ASSIGNED TASK: Would you return, word for word, the lines of the data below from the line with "Las imágenes de la Hermandad" through the line with "Piña Colada Protein Smoothie", and no others?
━━━ LISTED RECORDS ━━━
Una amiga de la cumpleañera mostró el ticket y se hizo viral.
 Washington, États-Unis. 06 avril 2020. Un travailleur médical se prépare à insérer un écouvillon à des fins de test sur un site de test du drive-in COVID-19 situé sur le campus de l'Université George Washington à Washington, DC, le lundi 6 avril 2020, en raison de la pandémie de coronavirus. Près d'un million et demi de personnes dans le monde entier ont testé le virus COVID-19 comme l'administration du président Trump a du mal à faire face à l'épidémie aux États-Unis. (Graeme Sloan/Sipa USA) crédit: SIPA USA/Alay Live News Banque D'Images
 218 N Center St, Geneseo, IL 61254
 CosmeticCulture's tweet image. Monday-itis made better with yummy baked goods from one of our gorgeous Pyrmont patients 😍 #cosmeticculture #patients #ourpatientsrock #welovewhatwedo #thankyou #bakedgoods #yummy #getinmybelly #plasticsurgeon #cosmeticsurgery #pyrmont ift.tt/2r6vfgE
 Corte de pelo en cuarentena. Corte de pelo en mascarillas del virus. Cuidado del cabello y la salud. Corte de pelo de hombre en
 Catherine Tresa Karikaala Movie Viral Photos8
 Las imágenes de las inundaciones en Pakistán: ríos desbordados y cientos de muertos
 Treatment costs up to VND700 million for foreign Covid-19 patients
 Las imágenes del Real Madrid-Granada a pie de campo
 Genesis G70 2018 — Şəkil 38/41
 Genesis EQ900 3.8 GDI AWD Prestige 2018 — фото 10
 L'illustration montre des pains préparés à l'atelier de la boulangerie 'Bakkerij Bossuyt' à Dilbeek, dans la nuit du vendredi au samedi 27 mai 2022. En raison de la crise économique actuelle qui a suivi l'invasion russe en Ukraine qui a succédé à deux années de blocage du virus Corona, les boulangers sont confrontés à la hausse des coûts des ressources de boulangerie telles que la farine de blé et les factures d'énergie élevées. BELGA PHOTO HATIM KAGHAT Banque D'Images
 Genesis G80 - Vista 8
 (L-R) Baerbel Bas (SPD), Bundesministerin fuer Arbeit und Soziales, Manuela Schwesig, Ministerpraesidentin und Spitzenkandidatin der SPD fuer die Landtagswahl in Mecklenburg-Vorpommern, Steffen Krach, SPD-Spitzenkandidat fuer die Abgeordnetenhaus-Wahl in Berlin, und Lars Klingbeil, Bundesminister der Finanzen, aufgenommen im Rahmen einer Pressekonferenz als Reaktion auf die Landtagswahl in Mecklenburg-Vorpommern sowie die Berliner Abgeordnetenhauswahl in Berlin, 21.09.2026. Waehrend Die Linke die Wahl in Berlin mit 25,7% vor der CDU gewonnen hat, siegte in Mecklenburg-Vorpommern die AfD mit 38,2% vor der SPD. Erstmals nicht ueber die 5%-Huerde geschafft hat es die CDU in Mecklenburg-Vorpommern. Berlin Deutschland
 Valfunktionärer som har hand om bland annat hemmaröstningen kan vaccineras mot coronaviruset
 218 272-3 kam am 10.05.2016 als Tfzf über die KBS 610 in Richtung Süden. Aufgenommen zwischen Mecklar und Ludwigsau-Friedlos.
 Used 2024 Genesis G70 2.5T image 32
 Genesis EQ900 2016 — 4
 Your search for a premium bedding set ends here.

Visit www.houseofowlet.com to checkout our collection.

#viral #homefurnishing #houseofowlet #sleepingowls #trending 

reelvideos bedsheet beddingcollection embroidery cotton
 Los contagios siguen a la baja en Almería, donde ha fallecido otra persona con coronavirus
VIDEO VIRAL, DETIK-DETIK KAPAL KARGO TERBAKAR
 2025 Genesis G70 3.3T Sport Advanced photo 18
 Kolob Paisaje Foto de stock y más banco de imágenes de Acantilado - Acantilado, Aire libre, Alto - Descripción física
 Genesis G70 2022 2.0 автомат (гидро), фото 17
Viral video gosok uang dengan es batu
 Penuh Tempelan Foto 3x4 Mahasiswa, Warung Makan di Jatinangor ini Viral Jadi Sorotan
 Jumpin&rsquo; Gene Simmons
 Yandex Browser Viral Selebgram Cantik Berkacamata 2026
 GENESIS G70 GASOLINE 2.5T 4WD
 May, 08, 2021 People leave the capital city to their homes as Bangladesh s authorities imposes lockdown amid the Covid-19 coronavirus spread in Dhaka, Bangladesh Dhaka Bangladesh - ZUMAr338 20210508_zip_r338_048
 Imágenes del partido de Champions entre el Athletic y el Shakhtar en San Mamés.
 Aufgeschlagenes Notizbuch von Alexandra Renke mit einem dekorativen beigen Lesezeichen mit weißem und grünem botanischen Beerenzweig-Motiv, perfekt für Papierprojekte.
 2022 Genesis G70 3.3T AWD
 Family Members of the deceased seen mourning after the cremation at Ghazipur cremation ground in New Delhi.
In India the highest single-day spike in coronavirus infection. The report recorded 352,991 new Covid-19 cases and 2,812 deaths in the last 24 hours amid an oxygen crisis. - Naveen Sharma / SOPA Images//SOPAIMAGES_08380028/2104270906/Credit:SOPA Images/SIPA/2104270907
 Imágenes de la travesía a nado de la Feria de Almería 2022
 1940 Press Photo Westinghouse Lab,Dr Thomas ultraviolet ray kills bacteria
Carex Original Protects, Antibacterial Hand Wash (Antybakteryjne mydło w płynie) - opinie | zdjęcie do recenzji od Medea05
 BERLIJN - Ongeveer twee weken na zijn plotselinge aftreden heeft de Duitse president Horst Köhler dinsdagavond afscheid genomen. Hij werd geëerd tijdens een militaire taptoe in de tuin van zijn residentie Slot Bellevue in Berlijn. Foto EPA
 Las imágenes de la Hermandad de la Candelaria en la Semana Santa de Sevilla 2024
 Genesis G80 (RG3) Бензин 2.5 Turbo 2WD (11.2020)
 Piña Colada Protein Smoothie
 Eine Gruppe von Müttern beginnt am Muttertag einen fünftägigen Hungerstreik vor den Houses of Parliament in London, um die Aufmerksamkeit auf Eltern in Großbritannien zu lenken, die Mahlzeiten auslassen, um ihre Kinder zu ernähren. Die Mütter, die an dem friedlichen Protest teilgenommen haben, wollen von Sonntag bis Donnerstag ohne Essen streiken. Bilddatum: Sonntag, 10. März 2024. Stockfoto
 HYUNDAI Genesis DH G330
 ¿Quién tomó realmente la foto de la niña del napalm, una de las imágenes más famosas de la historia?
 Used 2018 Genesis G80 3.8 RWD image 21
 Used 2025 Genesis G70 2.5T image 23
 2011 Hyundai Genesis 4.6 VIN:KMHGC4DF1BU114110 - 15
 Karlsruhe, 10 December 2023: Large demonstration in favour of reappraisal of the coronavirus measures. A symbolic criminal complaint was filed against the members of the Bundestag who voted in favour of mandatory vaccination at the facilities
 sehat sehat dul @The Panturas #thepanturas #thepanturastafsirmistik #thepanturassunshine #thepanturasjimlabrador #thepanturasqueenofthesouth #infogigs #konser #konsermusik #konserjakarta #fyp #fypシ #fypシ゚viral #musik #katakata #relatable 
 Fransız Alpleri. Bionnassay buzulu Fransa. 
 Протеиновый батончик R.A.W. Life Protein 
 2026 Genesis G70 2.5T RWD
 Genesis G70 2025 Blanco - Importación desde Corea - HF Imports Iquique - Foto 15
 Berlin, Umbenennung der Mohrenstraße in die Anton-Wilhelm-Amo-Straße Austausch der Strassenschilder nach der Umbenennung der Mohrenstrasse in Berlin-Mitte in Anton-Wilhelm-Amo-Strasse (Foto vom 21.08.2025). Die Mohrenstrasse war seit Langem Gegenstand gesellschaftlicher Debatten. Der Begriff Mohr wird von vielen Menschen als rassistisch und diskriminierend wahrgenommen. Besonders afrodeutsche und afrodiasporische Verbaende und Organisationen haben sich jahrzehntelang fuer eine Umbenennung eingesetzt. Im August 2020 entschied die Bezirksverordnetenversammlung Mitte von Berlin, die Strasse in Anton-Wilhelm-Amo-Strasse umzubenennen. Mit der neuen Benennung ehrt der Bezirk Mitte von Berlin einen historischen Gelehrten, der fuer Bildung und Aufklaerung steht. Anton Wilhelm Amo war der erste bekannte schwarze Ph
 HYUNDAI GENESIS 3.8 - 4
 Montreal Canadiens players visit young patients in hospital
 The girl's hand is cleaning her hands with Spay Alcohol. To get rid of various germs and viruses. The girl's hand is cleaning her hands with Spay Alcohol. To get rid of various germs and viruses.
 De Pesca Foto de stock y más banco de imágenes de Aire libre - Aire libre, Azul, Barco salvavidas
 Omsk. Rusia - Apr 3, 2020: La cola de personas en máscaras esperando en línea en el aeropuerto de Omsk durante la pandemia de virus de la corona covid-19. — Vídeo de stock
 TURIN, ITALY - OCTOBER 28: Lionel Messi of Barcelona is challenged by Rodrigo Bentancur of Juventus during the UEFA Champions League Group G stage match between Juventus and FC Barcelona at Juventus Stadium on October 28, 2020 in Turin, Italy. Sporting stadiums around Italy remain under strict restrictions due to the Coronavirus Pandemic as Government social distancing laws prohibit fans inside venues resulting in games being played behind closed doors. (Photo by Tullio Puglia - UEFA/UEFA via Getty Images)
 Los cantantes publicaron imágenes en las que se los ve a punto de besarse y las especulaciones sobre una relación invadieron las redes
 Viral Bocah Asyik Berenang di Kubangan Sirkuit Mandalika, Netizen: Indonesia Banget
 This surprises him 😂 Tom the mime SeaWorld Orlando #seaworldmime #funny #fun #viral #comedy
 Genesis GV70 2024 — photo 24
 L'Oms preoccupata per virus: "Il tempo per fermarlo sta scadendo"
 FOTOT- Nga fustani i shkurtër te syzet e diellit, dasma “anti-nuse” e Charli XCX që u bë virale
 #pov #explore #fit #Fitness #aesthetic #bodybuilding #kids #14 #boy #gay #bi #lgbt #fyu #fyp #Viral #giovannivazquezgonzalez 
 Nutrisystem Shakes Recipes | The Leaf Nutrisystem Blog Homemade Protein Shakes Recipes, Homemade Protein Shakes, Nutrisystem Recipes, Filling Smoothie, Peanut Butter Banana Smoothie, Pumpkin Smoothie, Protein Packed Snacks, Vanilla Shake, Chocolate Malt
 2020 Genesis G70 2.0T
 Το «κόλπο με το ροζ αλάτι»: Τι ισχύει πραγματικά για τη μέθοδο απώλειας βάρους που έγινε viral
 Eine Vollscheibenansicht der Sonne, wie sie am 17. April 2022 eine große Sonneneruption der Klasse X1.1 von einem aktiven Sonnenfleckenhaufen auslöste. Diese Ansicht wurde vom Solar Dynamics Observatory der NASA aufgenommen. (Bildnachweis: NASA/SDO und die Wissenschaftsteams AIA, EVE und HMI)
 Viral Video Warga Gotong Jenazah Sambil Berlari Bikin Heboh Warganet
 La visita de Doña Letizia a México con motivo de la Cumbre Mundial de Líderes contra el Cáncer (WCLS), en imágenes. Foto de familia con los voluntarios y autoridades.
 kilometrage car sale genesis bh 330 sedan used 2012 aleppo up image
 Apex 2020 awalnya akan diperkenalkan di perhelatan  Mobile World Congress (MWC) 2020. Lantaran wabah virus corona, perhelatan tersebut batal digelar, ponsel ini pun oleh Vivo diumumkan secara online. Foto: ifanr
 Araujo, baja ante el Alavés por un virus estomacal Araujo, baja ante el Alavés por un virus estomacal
━━━
REPLY TO THE EXERCISE:
 Las imágenes de la Hermandad de la Candelaria en la Semana Santa de Sevilla 2024
 Genesis G80 (RG3) Бензин 2.5 Turbo 2WD (11.2020)
 Piña Colada Protein Smoothie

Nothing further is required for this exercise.